Identifico algo renovador, quando Nélida Piñon introduz o pretérito profundo, aquilo que está no inconsciente mais remoto da alma lusa: anterior e alegorizado com a history das grandes navegações, da sagração dos animais como deuses, da escravização dos africanos e dos indígenas, da descoberta dos novos mundos, além oceanos, e das recriações sobre a nobreza portuguesa e as suas fracassadas utopias.

Creio que as revivescências de Camões, de Vasco da Gama e do Infante D. Henrique acentuaram as peripécias de Mateus e do seu contínuo lamento de ser um peregrino pobre e gestado no ventre de uma meretriz. Comovo-me com a relação confidente entre o avô Vicente e o neto Mateus revelada em Um dia chegarei a Sagres. O livro traz um testemunho de um afeto invencível, exaltado na memória: “A fortuna é feita de memórias. Vive-se mais do que muitos.”.

Com elegância, Nélida Piñon confabula sobre o erotismo, a paixão platônica, a luxúria carnal entre dois homens (Mateus e o Africano), o desespero errante, o pecado sob o viés do Cristianismo, o segredo inviolável, as visões impuras e as suas manifestações mais cruas. Diz Mateus: “São estes pressentimentos que nos abatem ou distinguem a nossa espécie em meio ao matagal da existência?”.

Sem esquecer os contornos femininos contraditórios e misteriosos como os de Joana, Matilde, Leocádia e Amélia. Faustosamente filosófica e irônica, Nélida Piñon entrega: “O melhor do meu ofício é o que os homens relatam em tom de segredo.

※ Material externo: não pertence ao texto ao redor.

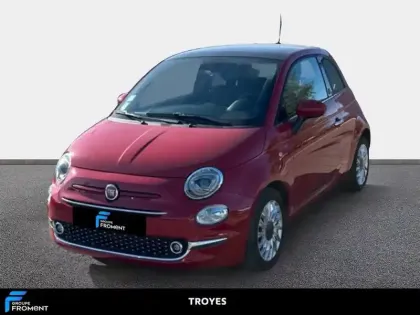 Photo Fiat 500 (red)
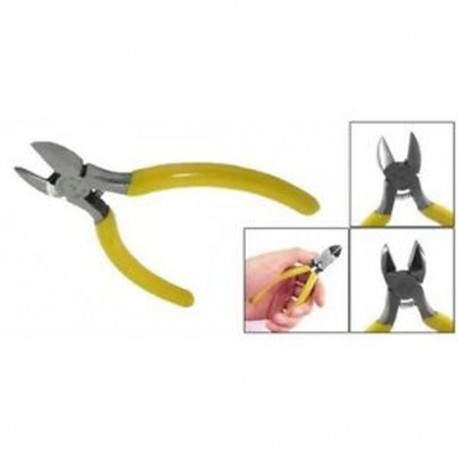 Feibao Professional szerszámok Drótvágó fogó sárga 4.5 hüvelykes 125 mm A8Q5 E7H6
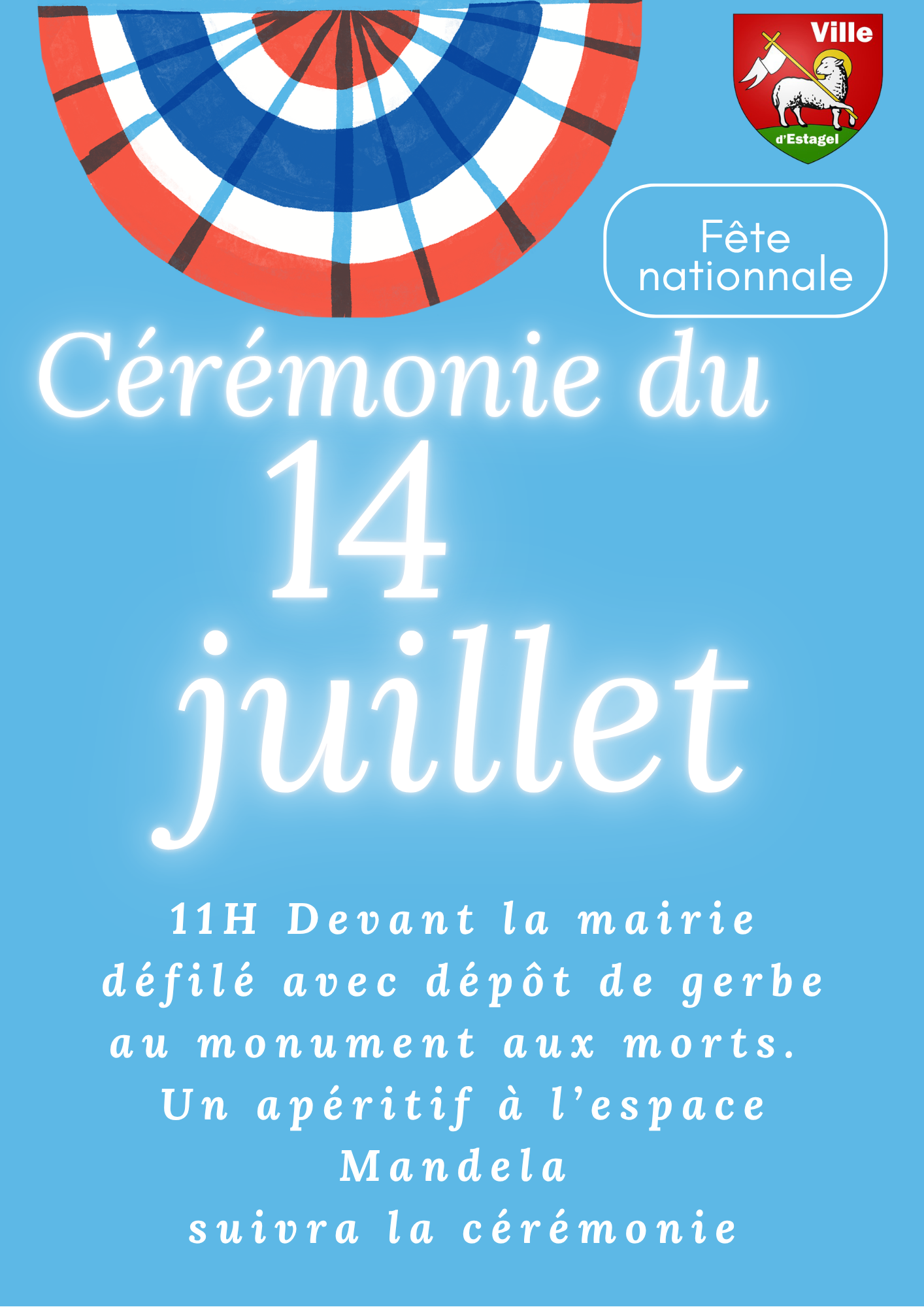 Fête nationale : Cérémonie du 14 juillet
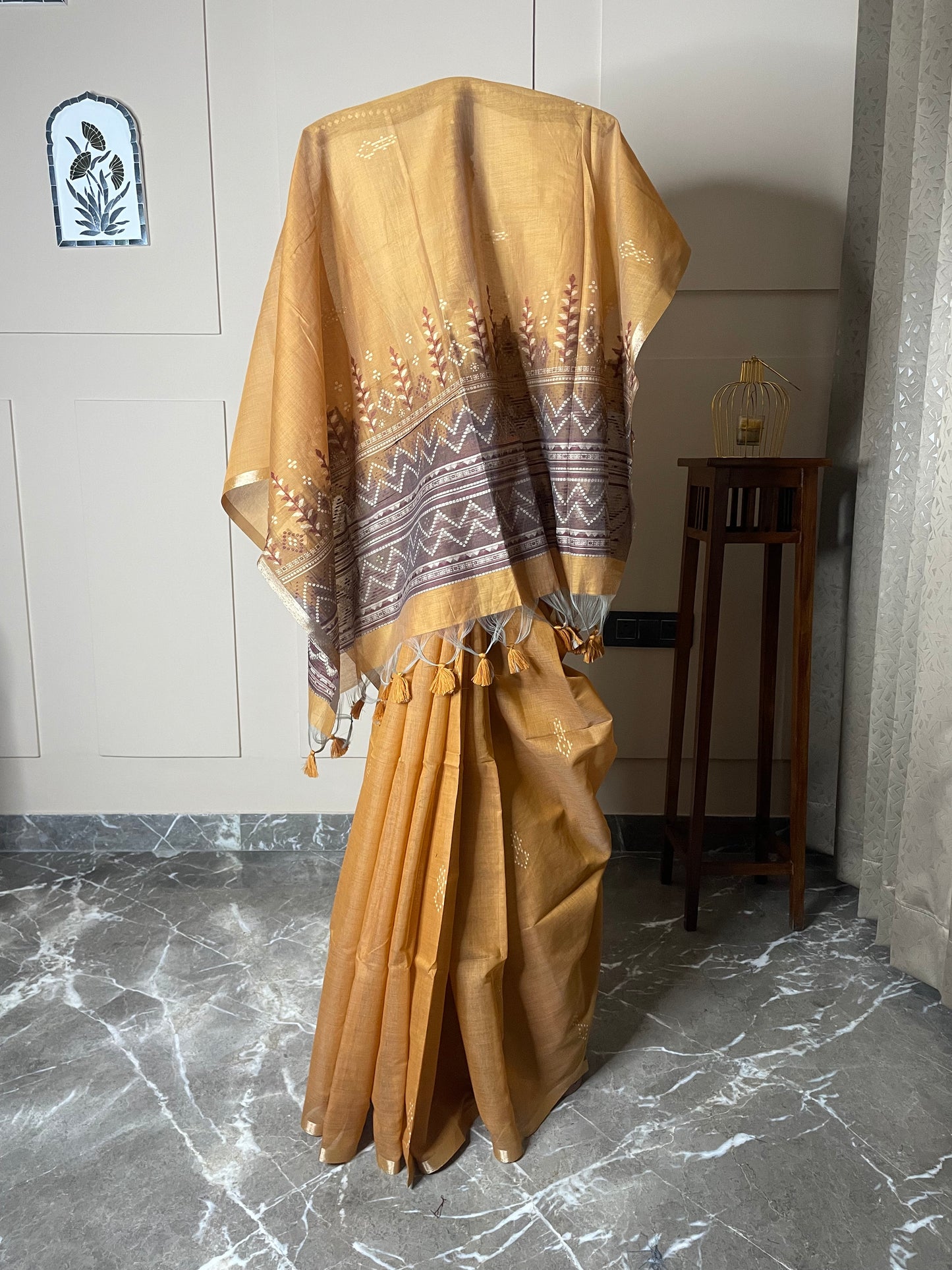 Tussar Silk Saree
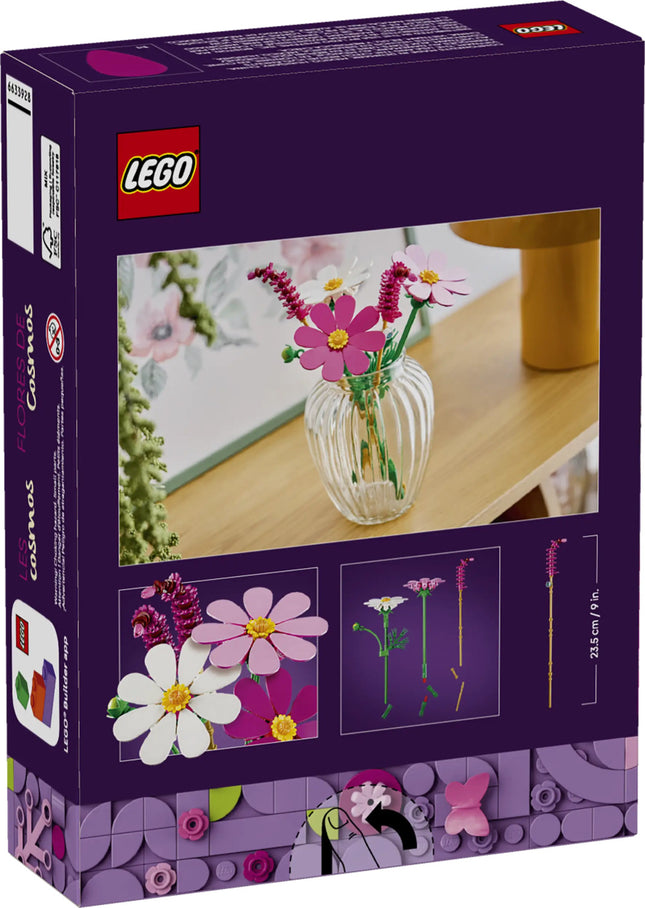 LEGO® Botanicals Cosmos Flowers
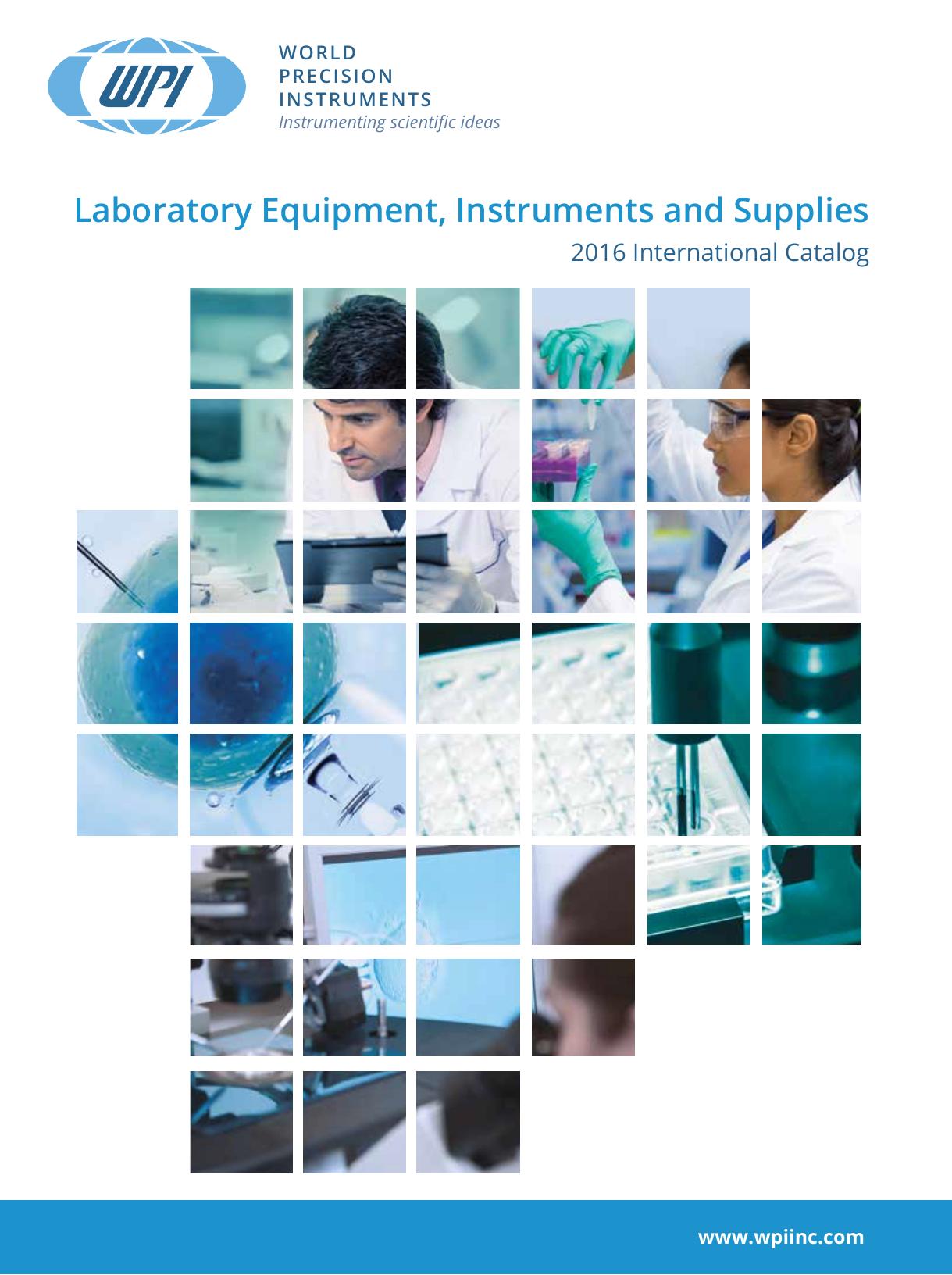 Laboratory Equipment, Instruments and Supplies 2015
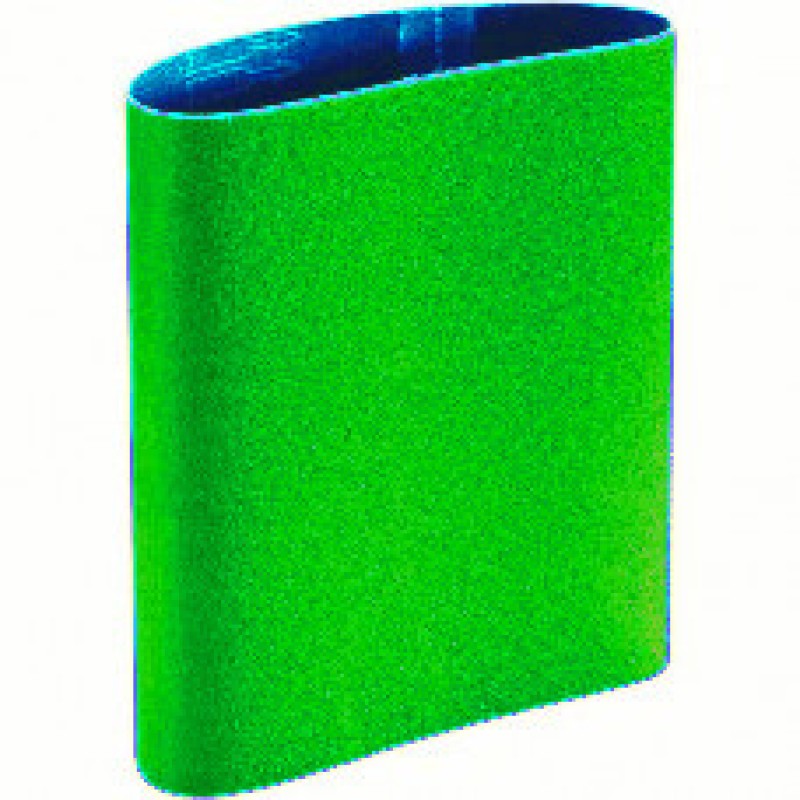 Pump Sleeve 3" Wide x 9-1/2" Circumference CS931JF Ceramic Aluminum Oxide J-Flex Cotton 180 Grit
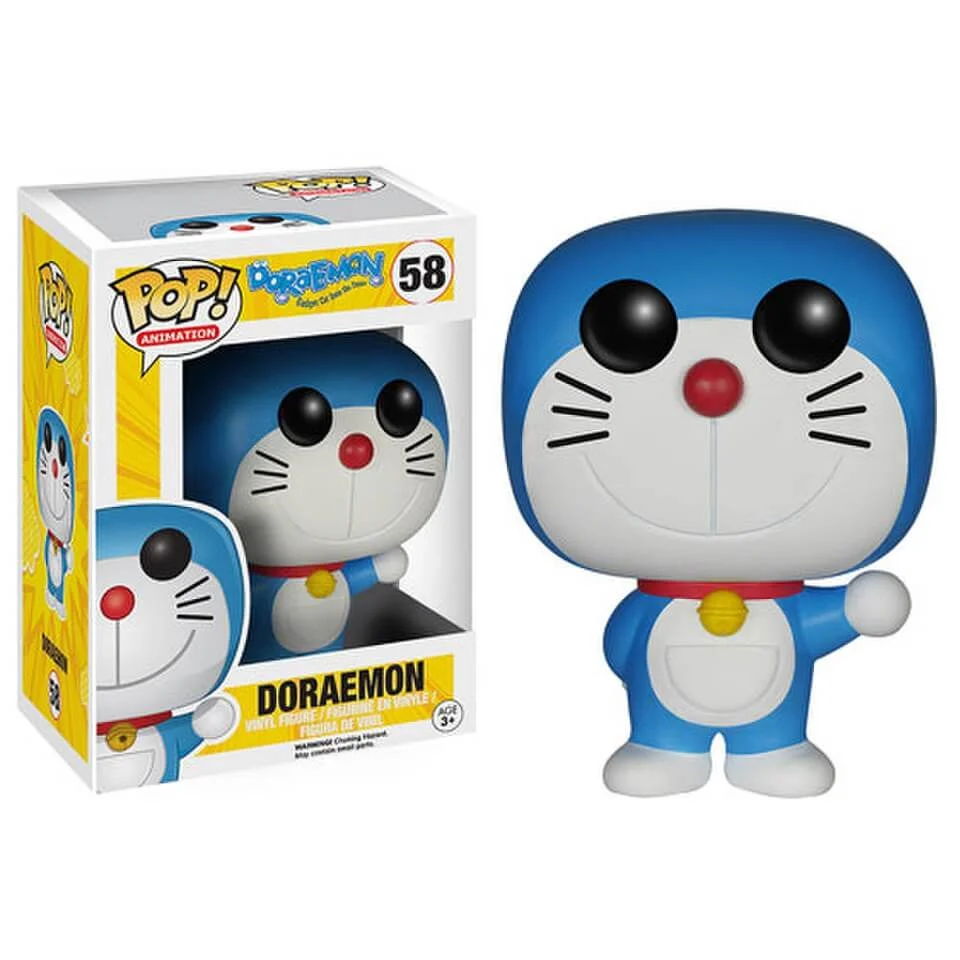 Doraemon Pop! Vinyl Figure Image 1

São lamúrias que não repetem em casa. Sem falar que juram por Deus jamais voltar ao lar onde são infelizes. Mas para onde irem?”. Um dia chegarei a Sagres é uma acusação ao revés. É sobretudo um discurso sobre a esperança e de como os sonhos e as ilusões movem o coração dos homens.

De maneira magistral, Nélida Piñon conduz uma personagem pelos seus desvelos e expectativas. Depois de Sagres, restará ainda Lisboa e a espera inacabada, assim como as lágrimas e os silêncios desatados pelo destino. Em 2021, Nélida Piñon festejou os seus 60 anos de dedicação ao ofício de escrever, cujo marco fundador é a peça Guia-mapa de Gabriel Arcanjo. Seu périplo é de uma vencedora. Um dia chegarei a Sagres é o coroamento de uma carreira humanística luminosa, que merece todas as honras da pátria e o amor de uma nação inteira.

Nélida Piñon soube ser integral e substantiva, e continua a dar esperanças a seu país visceral, com lucidez e quimera. Uma filha de Homero e uma fidedigna sucessora de Machado de Assis.

A obra, Um dia chegarei a Sagres, lançada no segundo semestre do ano de 2020, já está em sua quarta edição. Somente uma escriba do porte intelectual e artístico de Nélida Piñon consegue esse feito editorial no Brasil. Trata-se de um Clássico e de uma Mulher inesquecível. “Minha forma era humana, mas o espírito assemelhava-se às vezes a um barco prestes a afundar nas cercanias de Sagres, um destino almejado, quando ali aportasse. Diante das ondas encapeladas, aguardaria o chamado do mar.”

Por Diego Mendes Sousa, membro do PEN Clube do Brasil.